You are viewing a plain text version of this content. The canonical link for it is here.
Posted to dev@tika.apache.org by Tilman Hausherr <TH...@t-online.de> on 2022/04/23 13:25:24 UTC

tika-main windows build fails in TikaResourceFetcherTest

I have unsuccessfully tried to build tika-main on windows 10 on jdk8 for 
several weeks. Here's the failures I get

[ERROR] Failures:
[ERROR] 
TikaResourceFetcherTest.testHeader:100->CXFTestBase.assertContains:65 
hello world not found in:
  ==> expected: <true> but was: <false>
[ERROR] 
TikaResourceFetcherTest.testQueryPart:108->CXFTestBase.assertContains:65 
hello world not found in:
  ==> expected: <true> but was: <false>
[ERROR] Errors:
[ERROR] TikaServerIntegrationTest.test1WayTLS:341->configure1WayTLS:456 
» InvalidPath Illegal char <"> at index 0: 
"XXX\tika-main\tika-server\tika-server-core\target\test-classes\ssl-keys\tika-client-truststore.p12"
[ERROR] TikaServerIntegrationTest.test2WayTLS:377->configure2WayTLS:428 
» InvalidPath Illegal char <"> at index 0: 
"XXX\tika-main\tika-server\tika-server-core\target\test-classes\ssl-keys\tika-client-keystore.p12"
[INFO]
[ERROR] Tests run: 70, Failures: 2, Errors: 2, Skipped: 4

The two TLS fails are new, but the TikaResourceFetcherTest have been for 
weeks. The reason is that response.getEntity() returns an empty string. 
This is because response.getEntity() is a ByteArrayInputStream that is 
empty.


One output is this:


INFO  [main] 14:23:17,531 
org.apache.tika.pipes.fetcher.fs.FileSystemFetcher A FileSystemFetcher 
(fsf) has been initialized. Clients will be able to read all files under 
'XXX\tika-main\tika-server\tika-server-core\XXXtika-maintika-servertika-server-coretargettest-classestest-documents' 
if this process has permission to read them.
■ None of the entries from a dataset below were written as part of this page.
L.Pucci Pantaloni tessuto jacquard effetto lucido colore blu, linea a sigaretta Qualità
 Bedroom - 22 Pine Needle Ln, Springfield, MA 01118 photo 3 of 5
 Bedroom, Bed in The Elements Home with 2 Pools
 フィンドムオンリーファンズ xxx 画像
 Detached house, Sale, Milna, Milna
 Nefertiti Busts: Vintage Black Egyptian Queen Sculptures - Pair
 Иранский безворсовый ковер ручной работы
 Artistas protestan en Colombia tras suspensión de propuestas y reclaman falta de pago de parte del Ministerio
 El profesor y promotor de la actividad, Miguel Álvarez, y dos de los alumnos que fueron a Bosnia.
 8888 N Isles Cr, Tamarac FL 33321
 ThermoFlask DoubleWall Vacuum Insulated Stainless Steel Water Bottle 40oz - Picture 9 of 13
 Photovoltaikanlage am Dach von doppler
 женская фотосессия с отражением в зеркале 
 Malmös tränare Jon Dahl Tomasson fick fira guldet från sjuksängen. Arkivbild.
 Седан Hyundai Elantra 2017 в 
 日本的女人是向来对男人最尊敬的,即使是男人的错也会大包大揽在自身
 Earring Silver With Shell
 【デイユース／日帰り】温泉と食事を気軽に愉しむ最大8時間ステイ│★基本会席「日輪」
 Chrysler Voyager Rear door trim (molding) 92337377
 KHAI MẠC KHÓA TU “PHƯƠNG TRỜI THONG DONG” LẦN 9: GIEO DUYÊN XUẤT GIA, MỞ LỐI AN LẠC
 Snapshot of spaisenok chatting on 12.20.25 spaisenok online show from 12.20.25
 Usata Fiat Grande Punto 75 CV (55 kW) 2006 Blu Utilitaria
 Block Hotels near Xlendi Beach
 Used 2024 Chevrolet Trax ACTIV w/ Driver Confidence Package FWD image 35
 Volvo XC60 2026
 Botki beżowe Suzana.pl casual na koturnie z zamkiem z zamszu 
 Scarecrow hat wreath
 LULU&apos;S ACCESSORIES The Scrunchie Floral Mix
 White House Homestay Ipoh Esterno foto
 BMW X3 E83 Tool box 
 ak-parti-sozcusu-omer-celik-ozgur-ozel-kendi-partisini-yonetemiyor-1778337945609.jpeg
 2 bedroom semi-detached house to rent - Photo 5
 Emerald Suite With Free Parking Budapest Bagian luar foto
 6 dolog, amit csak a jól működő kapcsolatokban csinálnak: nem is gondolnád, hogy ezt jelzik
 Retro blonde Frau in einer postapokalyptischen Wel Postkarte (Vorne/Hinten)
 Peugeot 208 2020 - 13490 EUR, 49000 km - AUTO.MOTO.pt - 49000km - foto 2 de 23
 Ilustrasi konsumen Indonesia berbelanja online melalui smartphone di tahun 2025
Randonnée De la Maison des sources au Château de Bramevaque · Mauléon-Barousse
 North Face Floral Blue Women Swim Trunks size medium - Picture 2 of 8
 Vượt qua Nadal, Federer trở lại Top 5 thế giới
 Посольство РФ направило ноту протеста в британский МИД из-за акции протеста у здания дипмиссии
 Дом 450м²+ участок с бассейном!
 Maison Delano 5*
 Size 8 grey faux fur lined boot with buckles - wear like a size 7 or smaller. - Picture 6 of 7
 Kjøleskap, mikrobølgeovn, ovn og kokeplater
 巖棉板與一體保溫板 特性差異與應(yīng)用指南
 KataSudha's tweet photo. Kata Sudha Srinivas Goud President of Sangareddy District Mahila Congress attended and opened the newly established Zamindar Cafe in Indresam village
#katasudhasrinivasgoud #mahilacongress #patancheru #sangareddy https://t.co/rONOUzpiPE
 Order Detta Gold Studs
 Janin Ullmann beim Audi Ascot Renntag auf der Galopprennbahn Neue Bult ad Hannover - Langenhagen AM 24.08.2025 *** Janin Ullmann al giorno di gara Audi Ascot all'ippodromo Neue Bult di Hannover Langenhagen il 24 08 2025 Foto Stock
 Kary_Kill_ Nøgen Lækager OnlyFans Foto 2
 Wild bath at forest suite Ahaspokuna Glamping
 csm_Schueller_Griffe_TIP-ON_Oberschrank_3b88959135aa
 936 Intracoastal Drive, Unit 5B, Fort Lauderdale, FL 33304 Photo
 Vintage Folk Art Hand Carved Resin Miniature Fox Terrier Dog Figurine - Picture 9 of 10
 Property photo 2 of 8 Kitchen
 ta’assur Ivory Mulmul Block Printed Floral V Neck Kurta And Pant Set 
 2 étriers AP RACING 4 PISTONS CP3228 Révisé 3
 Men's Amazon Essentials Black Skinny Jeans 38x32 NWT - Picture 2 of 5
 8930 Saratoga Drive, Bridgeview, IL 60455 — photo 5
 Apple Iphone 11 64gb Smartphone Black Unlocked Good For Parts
Note that the two XXX here are the same. It's the Window path where I 
keep my java projects.

I investigated a bit... FetcherManager.load loads a file from the temp 
directory. Its content is like this:

<?xml version="1.0" encoding="UTF-8"?>

... license...

<properties>
   <fetchers>
     <fetcher class="org.apache.tika.pipes.fetcher.fs.FileSystemFetcher">
       <params>
         <name>fsf</name>
<basePath>XXXtika-maintika-servertika-server-coretargettest-classestest-documents</basePath>
       </params>
     </fetcher>
   </fetchers>

...

Something goes wrong in

         configXML = configXML.replaceAll("\\$\\{FETCHER_BASE_PATH\\}",
                 inputDir.toAbsolutePath().toString());

in TikaResourceFetcherTest.java that the backslash from the path is lost.

The javadoc warns about this

     Note that backslashes (|\|) and dollar signs (|$|) in the 
replacement string may cause the results to be different than if it were 
being treated as a literal replacement string

using replace("${FETCHER_BASE_PATH}") fixes this.

Related: shouldn't FileSystemFetcher.checkInitialization() check whether 
the path exists?

Tilman

Re: tika-main windows build fails in TikaResourceFetcherTest

Posted by Tim Allison <ta...@apache.org>.
Thank you for catching this, Tilman.  I do get a test failure on my
windows laptop after I installed exiftool. :(  Will fix.

On Mon, Apr 25, 2022 at 2:45 PM Tilman Hausherr <TH...@t-online.de> wrote:
>
> .replaceAll() is also used in ExternalParser.java with a filename
> parameter. But no tests fail because of it.

Re: tika-main windows build fails in TikaResourceFetcherTest

Posted by Tilman Hausherr <TH...@t-online.de>.
.replaceAll() is also used in ExternalParser.java with a filename 
parameter. But no tests fail because of it.

Re: tika-main windows build fails in TikaResourceFetcherTest

Posted by Tilman Hausherr <TH...@t-online.de>.
Same problem also in TikaServerIntegrationTest with replaceAll(); plus 
the problem that I mentioned in TIKA-3719.